Les deux sœurs exorcisent l’humiliation subie en se mettant dans la peau de ”Madame”, dans un jeu de rôle qui inverse la domination. Ce jeu de rôle est le noyau de la pièce de Genet. Il révèle le rapport des deux sœurs à leur patronne, et plus important encore, le rapport entre elles. Ces sœurs se haïssent et s’aiment dans un ping-pong perpétuel. Elles s’aiment car elles sont complices et emprisonnées dans ce destin de bonnes. Elles se détestent car chacune rappellent à l’autre sa position sociale, sa faiblesse, sa laideur. Dans ce jeu de rôle, il est aussi question du jeu tout court. Les sœurs jouent l’assassinat de leur patronne et s’obligent à finir l’histoire qu’elles ont commencée. La revanche commence dans l’imaginaire. Dans la pièce de Zaghbani, on les voit mimer les marqueurs caractériels quasi clichés de la bourgeoise : la déformation du ”R” pour insinuer la francophonie, la voix suspendue, la gestuelle exagérée, une attitude hautaine, le sadisme, et une apparence de femme vénale. Ainsi, dans l’adaptation de Zaghbani, la bourgeoise paraît dénuée de toute complexité, réduisant l’histoire à une dualité manichéenne, avec le mal contre le bien, les riches contre les pauvres.

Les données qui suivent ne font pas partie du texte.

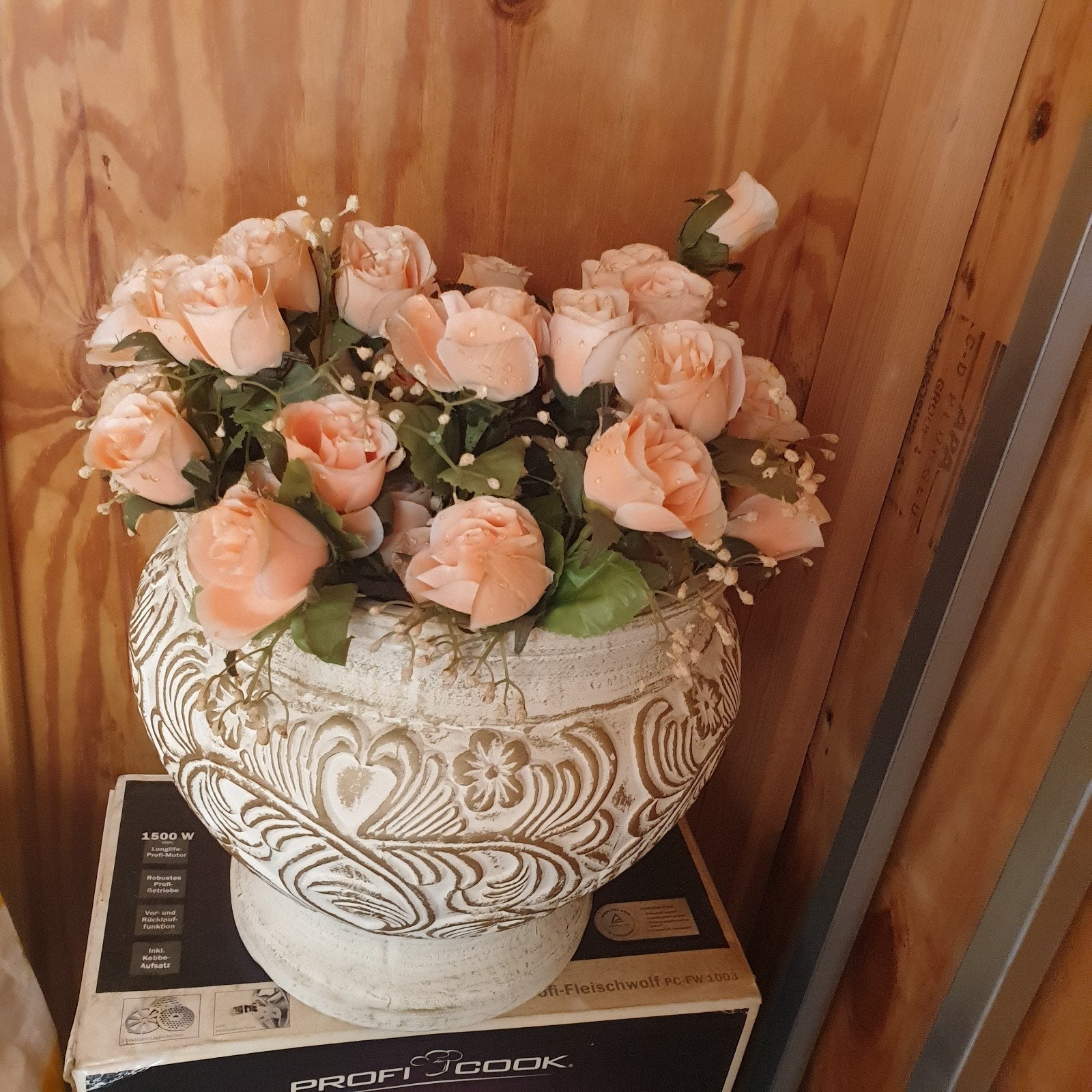 Grote bloempot vaas met kunst rozen, Ophalen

Pourtant, Madame est parfois, furtivement, une mère pour ses domestiques, et surtout, une épouse malheureuse dont l’homme est en prison. Une épouse prête à suivre son homme jusqu’au bagne et qui n’a plus goût à rien. Autant de traits qu’on pourrait presque admirer s’ils avaient été préservés dans « Le Jeu ».

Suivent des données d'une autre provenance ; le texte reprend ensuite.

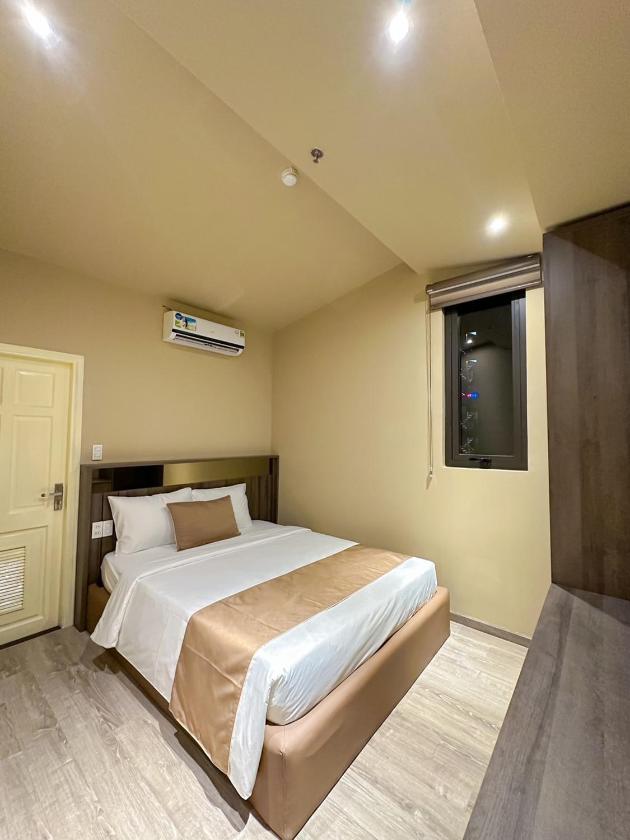 Phòng Giường Đôi Hạng Tiết Kiệm Phòng Giường Đôi Hạng Tiết Kiệm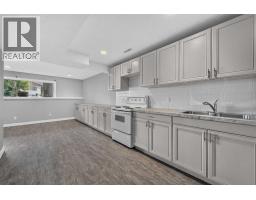 723 55 Avenue SW - photo 37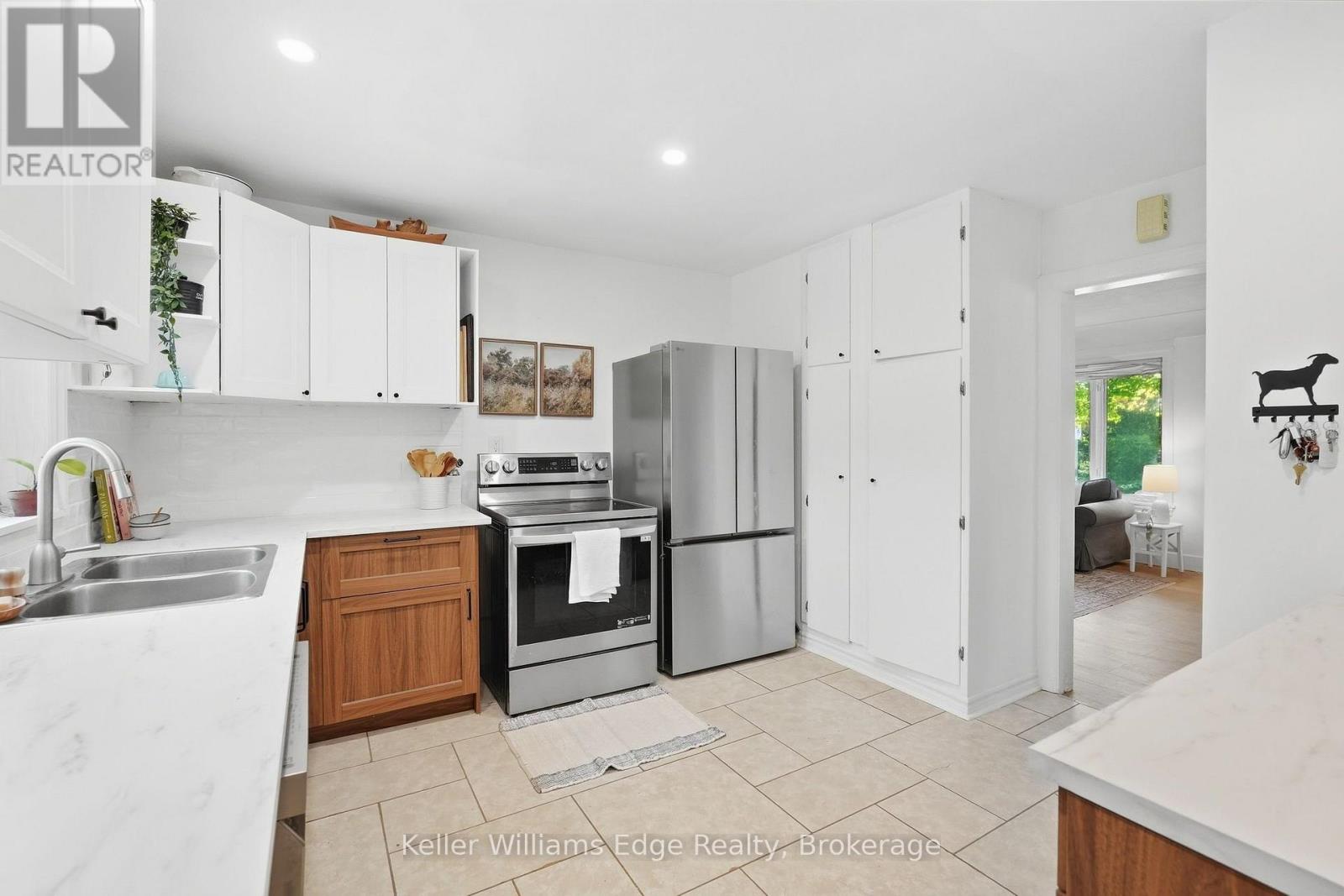240 Bendamere Avenue Property Photo 18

Madame est un monstre, une ogresse malheureuse et cruelle, théâtrale dans sa blessure et dans sa manière de blesser. Dans l’adaptation de Zaghbani, le personnage n’est pas abouti. Madame semble générique, ”pas assez”, verbale et sexy, comme la bourgeoise d’un feuilleton télévisé.
Concernant ce personnage, Genet écrira pourtant : «Madame, il ne faut pas l’outrer dans la caricature». Car il n’y a pas plus facile que de détester le maître.
Et dans l’imitation de la dominatrice, l’érotisme s’invite sans réelle justification. On y voit le regard et la mise en scène d’un homme qui fantasme. Car les bonnes se touchent au lieu de toucher les vêtements doux et beaux de la bourgeoisie. Le sadisme qui pourrait tout à fait glisser dans un jeu sadomasochiste n’est pas amené de la manière la plus subtile. Ces corps de travailleuses marqués par le labeur et l’humiliation, ces corps secs et misérables qui se masturbent, écrit Genet, sont réduits à ce moment de la pièce à des corps sexuels et on voit des femmes au lieu de voir la dérive.
En somme, l’adaptation ne semble ni d’hier ni d’aujourd’hui, ni même hors du temps. «Le Jeu» est difficile à situer dans le temps ou hors de ce dernier. Baskets aux pieds, langage d’aujourd’hui, combiné téléphonique des années 70, fleurs en plastique, de nombreux détails nous rendent perplexes. Ces minuscules incohérences visuelles renforcent le brouillard et rendent l’immersion dans l’univers de la pièce difficile. Le patchwork esthétique freine le rêve éveillé qu’on va chercher au théâtre. Ces incohérences sont d’autant plus visibles dans un théâtre de poche où chaque détail est sous notre nez. Et il serait malvenu d’invoquer un problème budgétaire, ou pire encore, une faute de goût.
On sort avec l’impression que l’adaptation ne va pas jusqu’au bout et reste à la surface. À titre de comparaison, nous pourrions évoquer l’adaptation de Jacques Vincey de la Cie Sirène en 2012, qui prend aux tripes durant deux heures, en plongeant dans la psyché sombre des deux sœurs, dans ces abysses où l’humiliation se transforme en colère et la colère en folie, et la folie en mort. Le tout, dans une mise en scène et scénographie d’une grande qualité provoquant le malaise qu’a toujours suscité la pièce de Genet.
Au final, ce n’est certainement pas l’œuvre qu’on retiendra de Zaghbani, dont le nom est souvent gage de qualité. Pour cette fois, c’était une fausse «bonnes» idée.
*La pièce a été créée dans le cadre des travaux des ateliers de l’espace L’Artisto. Il s’agit du projet de fin de la formation professionnelle 2021.